La solidarité, ça existe…et en plus, ça rapporte : un ouvrage de Serge Guérin

Publié le par Orgris

La solidarité, ça existe…et en plus, ça rapporte

Ouvrage de Serge Guérin collection Essai - éditions Michalon

Vieillissement démographique, chômage élevé, accroissement des inégalités, fractures territoriales … La société française en crise fait face à de multiples défis socio-économiques que son modèle d'État providence a bien du mal à relever

     PRODUIRE LA CONVIVIALITÉ

Ainsi, une économie de coopération et de proximité se développe à contre-courant des objectifs de rentabilité financière. Parmi les formules à succès, on retrouve le covoiturage qui s'est popularisé grâce au site Blablacar. En pleine croissance, les Associations pour le maintien d'une agriculture paysanne (AMAP) permettent de souscrire à un panier de fruits et légumes produit par des producteurs locaux sans passer par un magasin. Ces différentes formes d'organisations permettent de faire des économies d'argent, de prendre en compte la nature et de produire de la convivialité.

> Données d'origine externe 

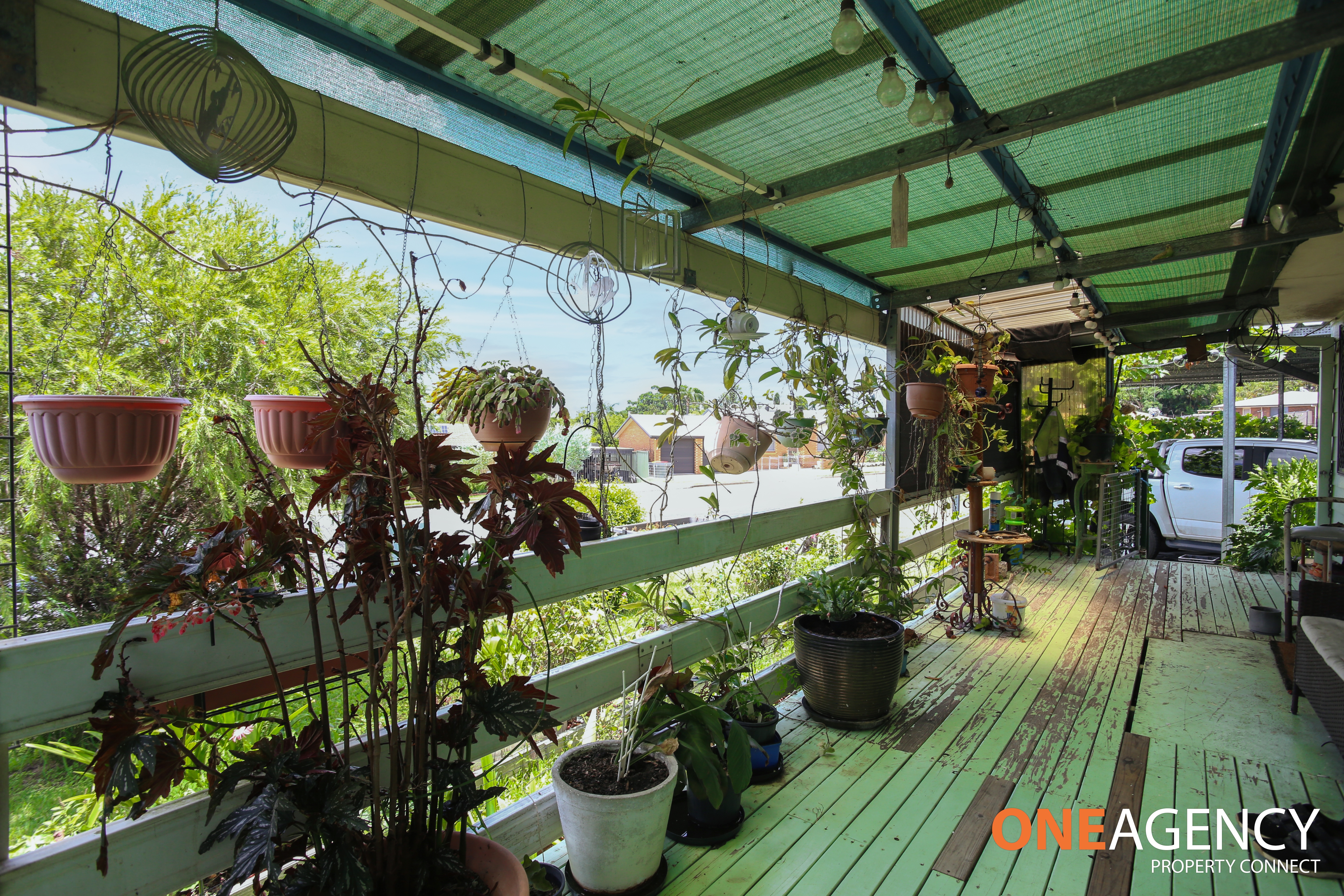 3 SUNRISE CRESCENT, Gracemere QLD 4702 - Image 4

L'économie solidaire se fonde aussi sur le monde associatif et les entreprises sociales et solidaires. Ce secteur comble les carences de l'économie de marché, qui ne répond pas nécessairement aux attentes de la société, et les absences d'un État limité. Les enjeux économiques et politiques sont importants : le secteur des entreprises sociales et solidaires représente 10% du PIB et emploi 2,35 millions de personnes, « c'est-à-dire plus que les entreprises du CAC 40 », rappelle l'auteur. Les associations se substituent à l'État et aux collectivités territoriales - qui n'estiment plus être capables d'effectuer, par manque d'argent ou de compétences - dans de nombreuses tâches sociales, culturelles et écologiques. Serge Guérin décrit ainsi un nouvel « État providence décentralisé et délégué ».

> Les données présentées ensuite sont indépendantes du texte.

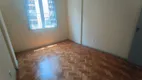 Foto 6 de Apartamento com 2 Quartos à venda, 86m² em Tijuca, Rio de Janeiro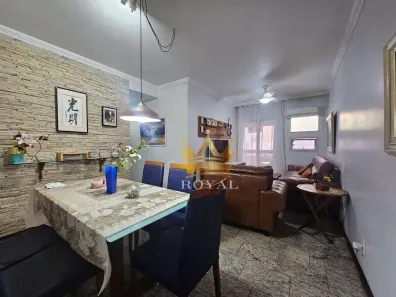 Apartamento com 4 Quartos à venda, 100m² no Freguesia (Jacarepaguá), Rio de Janeiro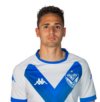 https://img.heibaitiyu.cn/img/football/player/1d41bfe4623800a65368c355b33b310f.jpg
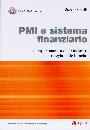 CASELLI STEFANO, PMI e sistema finanziario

    TRANSITION DÉMOGRAPHIQUE

La solidarité apporte aussi des solutions aux conflits de générations. Les plus de 60 ans représenteront 35 % de la population française en 2050 contre 23% aujourd'hui : l'auteur insiste sur les conséquences de cette transition démographique, enjeu économique mais aussi de cohésion sociale. Au lieu d'opposer les actifs, dont le taux de cotisation augmente, aux baby-boomers privilégiés et aux personnes âgées malades ou dépendantes, Serge Guérin envisage le vieillissement et l'aide à la personne comme un facteur de développement, un « levier de transformation des services publics ».

Il constate que, déjà, les seniors sont fortement impliqués dans la vie économique et sociale : la majorité des centaines de milliers de bénévoles sont des retraités. Au quotidien, ils jouent le rôle de « filet de protection sociale » lorsqu'ils apportent du soutien aux plus démunis, comme dans les associations des Petits frères des Pauvres, Emmaüs ou ATD Quart Monde. Ils participent aussi à la transmission des savoirs, tant au sein des entreprises, que par l'accompagnement de jeunes entrepreneurs et chômeurs.

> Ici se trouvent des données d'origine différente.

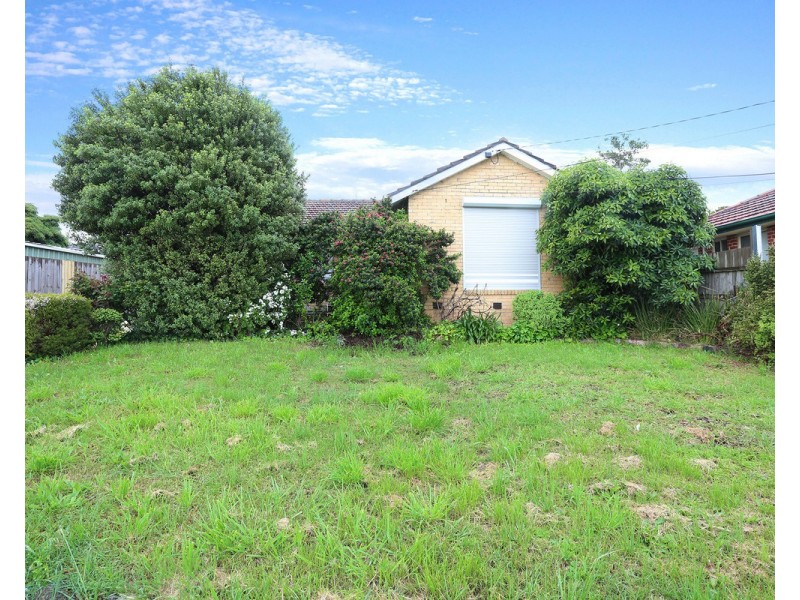 50 Sunset Boulevard, Jacana VIC 3047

     ÉVITER LE DÉCLASSEMENT

Le vieillissement de la population engendre également une augmentation de la population fragile ou en manque d'autonomie. Une meilleure gestion des dépenses de protection sociale s'impose, notamment à travers la prise en compte de l'autre et la prévention. Par exemple, l'association Siel Bleu propose des programmes de renforcement musculaire et d'amélioration de la souplesse articulaire destinés à favoriser l'autonomisation des personnes âgées ou malades.

Une généralisation de ces programmes à l'ensemble de la société permettrait de diminuer les chutes et le diabète de type II, ce qui entraînerait une économie de dépenses publiques de santé estimée à 59 milliards d'euros sur la période 2012-2020, selon le cabinet McKinsey.
L'auteur plaide en faveur d'une société de « l'intergénérationnel », capable d'éviter le déclassement social des seniors que la société considère trop vite dépassés par la modernité.

Un déclassement aux conséquences - « isolement, mauvaise santé, précarité » - coûteuses. Dans l'intergénérationnel, les jeunes et les seniors partagent leurs compétences, apprennent à se connaître et veillent l'un sur l'autre. Il s'agit là d'un « enjeu collectif » qui permet de passer « de la défiance à la mutualisation ».


Jean-Loup Thiébaut (Le Monde Académie)

COUV-GUERINsergeguerin

La solidarité ça existe …et en plus ça rapporte !, de Serge Guérin. Michalon, 224 pages,18 euros.

Sociologue, spécialiste du vieillissement de la société, Serge Guérin nous fait découvrir de manière fluide les stratégies économiques et sociales des exclus de la mondialisation. En marge des métropoles créatrices de richesses, délaissée par un État endetté, la « France d'en bas » prend son destin en main et invente une société plus solidaire.